• [SUPPLIED MATERIAL]:
[Start of Attachment]

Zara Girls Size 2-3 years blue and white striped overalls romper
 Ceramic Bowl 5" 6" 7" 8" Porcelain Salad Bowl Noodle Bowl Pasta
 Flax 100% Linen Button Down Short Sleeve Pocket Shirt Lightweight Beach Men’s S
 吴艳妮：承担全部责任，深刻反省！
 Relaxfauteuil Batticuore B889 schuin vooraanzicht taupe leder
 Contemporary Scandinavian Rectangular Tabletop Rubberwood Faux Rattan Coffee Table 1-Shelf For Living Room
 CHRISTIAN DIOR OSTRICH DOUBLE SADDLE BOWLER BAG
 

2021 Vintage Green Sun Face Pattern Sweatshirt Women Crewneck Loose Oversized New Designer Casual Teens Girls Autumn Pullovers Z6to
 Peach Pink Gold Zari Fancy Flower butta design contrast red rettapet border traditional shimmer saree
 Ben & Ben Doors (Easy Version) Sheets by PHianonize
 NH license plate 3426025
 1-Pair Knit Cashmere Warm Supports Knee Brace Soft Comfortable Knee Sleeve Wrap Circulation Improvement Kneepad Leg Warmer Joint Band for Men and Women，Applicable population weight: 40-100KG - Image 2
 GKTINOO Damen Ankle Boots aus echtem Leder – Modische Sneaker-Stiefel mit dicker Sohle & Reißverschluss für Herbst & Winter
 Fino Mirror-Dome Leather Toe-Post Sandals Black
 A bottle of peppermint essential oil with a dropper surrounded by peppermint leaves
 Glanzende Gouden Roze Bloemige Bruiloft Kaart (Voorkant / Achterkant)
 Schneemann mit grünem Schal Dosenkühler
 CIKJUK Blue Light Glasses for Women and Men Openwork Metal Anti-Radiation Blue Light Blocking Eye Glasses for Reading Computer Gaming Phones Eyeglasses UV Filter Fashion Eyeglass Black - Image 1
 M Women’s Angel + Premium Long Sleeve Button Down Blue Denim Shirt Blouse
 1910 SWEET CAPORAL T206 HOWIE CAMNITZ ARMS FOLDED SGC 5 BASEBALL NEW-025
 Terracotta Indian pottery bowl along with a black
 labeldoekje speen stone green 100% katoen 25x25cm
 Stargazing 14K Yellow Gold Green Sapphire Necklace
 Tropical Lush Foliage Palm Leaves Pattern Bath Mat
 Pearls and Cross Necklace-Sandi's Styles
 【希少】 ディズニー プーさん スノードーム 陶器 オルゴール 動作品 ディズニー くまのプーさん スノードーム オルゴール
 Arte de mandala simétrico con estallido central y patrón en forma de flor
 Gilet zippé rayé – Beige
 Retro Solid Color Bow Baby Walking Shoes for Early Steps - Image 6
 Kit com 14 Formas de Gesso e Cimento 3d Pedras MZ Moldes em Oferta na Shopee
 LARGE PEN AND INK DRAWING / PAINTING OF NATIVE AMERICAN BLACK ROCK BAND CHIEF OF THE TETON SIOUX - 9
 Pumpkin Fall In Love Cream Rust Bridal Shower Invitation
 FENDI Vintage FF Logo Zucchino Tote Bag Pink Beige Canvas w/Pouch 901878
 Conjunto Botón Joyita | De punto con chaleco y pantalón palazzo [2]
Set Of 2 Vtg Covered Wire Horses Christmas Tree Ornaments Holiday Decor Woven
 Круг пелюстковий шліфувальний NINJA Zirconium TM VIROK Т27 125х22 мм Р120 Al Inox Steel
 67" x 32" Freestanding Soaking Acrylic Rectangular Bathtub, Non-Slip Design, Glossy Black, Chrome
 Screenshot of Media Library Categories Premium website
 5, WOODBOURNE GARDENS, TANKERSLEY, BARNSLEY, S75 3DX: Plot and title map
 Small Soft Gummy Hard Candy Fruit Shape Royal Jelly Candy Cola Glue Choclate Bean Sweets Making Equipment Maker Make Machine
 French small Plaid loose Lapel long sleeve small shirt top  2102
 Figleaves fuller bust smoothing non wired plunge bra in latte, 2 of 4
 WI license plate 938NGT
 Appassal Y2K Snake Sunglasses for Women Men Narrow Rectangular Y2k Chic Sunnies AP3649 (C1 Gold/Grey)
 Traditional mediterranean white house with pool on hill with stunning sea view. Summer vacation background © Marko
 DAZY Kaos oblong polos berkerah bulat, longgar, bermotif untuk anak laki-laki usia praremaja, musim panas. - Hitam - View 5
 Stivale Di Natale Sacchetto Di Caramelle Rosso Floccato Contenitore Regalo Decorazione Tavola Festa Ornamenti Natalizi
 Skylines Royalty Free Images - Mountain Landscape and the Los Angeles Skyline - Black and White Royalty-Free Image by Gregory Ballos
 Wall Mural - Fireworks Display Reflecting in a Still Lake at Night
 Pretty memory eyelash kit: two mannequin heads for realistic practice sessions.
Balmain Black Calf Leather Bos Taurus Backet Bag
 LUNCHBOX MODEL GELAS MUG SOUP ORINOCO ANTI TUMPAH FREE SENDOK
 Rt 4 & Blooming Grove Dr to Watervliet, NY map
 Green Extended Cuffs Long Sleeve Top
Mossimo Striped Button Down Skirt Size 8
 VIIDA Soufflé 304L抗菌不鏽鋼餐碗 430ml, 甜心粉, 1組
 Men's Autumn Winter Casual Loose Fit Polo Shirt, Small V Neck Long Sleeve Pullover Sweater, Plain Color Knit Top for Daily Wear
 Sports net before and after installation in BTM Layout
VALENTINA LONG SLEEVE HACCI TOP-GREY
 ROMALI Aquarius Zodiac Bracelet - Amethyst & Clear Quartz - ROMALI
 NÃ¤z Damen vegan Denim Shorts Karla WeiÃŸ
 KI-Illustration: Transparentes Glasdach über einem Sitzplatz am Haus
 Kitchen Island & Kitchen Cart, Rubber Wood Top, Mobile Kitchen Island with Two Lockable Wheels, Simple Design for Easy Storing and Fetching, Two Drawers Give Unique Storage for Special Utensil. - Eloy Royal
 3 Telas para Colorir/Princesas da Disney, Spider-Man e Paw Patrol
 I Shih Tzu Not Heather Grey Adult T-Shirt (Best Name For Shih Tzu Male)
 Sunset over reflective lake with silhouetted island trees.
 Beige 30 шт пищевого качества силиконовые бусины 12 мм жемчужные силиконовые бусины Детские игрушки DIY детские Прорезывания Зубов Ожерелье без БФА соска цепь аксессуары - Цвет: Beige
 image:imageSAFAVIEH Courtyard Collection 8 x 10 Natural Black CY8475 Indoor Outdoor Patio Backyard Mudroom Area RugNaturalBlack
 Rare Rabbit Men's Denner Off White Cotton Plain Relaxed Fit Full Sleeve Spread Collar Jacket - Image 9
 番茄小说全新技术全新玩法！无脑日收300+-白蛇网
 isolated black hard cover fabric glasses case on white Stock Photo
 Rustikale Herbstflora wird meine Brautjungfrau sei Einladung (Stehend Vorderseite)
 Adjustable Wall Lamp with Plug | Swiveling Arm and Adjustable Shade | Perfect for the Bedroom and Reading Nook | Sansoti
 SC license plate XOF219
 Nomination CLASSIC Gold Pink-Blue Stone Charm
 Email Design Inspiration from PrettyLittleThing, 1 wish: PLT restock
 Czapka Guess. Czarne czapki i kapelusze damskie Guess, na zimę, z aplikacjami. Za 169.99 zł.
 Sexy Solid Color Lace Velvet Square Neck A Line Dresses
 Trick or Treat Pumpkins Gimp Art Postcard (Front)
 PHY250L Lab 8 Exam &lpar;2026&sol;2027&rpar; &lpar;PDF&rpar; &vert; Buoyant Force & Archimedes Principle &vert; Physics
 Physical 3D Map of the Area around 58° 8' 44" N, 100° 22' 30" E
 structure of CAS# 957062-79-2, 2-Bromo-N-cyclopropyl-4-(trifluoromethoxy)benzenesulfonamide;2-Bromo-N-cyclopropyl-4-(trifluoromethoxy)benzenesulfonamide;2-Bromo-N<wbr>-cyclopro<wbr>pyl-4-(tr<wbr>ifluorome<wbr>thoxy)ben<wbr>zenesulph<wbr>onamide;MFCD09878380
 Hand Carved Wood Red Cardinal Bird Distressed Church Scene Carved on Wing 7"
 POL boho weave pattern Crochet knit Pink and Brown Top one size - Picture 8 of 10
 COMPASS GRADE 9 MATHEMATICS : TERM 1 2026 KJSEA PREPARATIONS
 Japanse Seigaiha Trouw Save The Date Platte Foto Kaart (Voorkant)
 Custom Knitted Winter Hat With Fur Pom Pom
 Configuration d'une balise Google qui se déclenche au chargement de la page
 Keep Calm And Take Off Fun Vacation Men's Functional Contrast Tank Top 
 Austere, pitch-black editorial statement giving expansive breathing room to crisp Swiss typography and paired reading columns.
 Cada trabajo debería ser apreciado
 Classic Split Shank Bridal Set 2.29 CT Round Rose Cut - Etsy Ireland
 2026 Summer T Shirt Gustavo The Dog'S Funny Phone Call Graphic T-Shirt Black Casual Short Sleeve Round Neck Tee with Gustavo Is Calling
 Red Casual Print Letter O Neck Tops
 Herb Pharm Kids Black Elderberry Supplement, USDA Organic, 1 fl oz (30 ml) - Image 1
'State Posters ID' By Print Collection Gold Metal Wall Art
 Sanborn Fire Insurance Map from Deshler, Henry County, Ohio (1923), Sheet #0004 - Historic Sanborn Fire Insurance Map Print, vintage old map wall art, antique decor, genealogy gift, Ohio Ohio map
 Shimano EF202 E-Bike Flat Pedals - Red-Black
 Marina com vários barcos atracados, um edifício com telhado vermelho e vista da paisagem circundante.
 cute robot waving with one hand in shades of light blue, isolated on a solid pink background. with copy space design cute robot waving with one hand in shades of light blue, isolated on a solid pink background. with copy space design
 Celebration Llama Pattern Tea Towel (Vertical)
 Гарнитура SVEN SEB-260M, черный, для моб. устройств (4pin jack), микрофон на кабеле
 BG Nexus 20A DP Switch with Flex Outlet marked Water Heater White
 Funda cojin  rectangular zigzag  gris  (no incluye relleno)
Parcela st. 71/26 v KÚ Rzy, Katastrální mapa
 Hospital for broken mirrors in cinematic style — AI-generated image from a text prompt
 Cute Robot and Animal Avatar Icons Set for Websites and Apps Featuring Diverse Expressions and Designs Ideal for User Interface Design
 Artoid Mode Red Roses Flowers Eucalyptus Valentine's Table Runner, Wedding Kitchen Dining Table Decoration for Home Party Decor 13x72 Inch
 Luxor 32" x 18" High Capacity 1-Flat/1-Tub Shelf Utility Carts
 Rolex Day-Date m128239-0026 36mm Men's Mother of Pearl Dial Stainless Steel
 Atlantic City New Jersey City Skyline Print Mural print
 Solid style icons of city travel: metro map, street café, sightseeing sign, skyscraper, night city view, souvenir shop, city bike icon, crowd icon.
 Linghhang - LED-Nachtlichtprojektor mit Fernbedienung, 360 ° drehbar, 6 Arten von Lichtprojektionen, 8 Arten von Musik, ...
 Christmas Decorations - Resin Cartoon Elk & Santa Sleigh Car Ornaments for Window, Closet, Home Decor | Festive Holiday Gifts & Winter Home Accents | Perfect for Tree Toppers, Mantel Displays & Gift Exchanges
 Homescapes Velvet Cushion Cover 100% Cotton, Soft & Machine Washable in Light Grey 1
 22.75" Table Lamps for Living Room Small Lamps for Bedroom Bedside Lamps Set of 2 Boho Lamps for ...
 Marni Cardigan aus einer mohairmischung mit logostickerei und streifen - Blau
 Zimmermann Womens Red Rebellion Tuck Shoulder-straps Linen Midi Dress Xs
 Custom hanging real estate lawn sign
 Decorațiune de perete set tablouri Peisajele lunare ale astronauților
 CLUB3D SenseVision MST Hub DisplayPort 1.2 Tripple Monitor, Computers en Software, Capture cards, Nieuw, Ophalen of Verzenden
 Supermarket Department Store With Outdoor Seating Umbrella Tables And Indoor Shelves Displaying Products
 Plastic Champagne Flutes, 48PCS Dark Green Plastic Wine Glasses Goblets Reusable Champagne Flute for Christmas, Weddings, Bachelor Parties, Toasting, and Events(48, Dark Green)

[End of Attachment]

• [TASK OBJECTIVE]:
Out of the entries above, write out only the lines between the line holding "Stargazing 14K Yellow" and the line holding "French small Plaid", inclusive, each exactly as given.

• [YOUR RESPONSE]:
 Stargazing 14K Yellow Gold Green Sapphire Necklace
 Tropical Lush Foliage Palm Leaves Pattern Bath Mat
 Pearls and Cross Necklace-Sandi's Styles
 【希少】 ディズニー プーさん スノードーム 陶器 オルゴール 動作品 ディズニー くまのプーさん スノードーム オルゴール
 Arte de mandala simétrico con estallido central y patrón en forma de flor
 Gilet zippé rayé – Beige
 Retro Solid Color Bow Baby Walking Shoes for Early Steps - Image 6
 Kit com 14 Formas de Gesso e Cimento 3d Pedras MZ Moldes em Oferta na Shopee
 LARGE PEN AND INK DRAWING / PAINTING OF NATIVE AMERICAN BLACK ROCK BAND CHIEF OF THE TETON SIOUX - 9
 Pumpkin Fall In Love Cream Rust Bridal Shower Invitation
 FENDI Vintage FF Logo Zucchino Tote Bag Pink Beige Canvas w/Pouch 901878
 Conjunto Botón Joyita | De punto con chaleco y pantalón palazzo [2]
Set Of 2 Vtg Covered Wire Horses Christmas Tree Ornaments Holiday Decor Woven
 Круг пелюстковий шліфувальний NINJA Zirconium TM VIROK Т27 125х22 мм Р120 Al Inox Steel
 67" x 32" Freestanding Soaking Acrylic Rectangular Bathtub, Non-Slip Design, Glossy Black, Chrome
 Screenshot of Media Library Categories Premium website
 5, WOODBOURNE GARDENS, TANKERSLEY, BARNSLEY, S75 3DX: Plot and title map
 Small Soft Gummy Hard Candy Fruit Shape Royal Jelly Candy Cola Glue Choclate Bean Sweets Making Equipment Maker Make Machine
 French small Plaid loose Lapel long sleeve small shirt top  2102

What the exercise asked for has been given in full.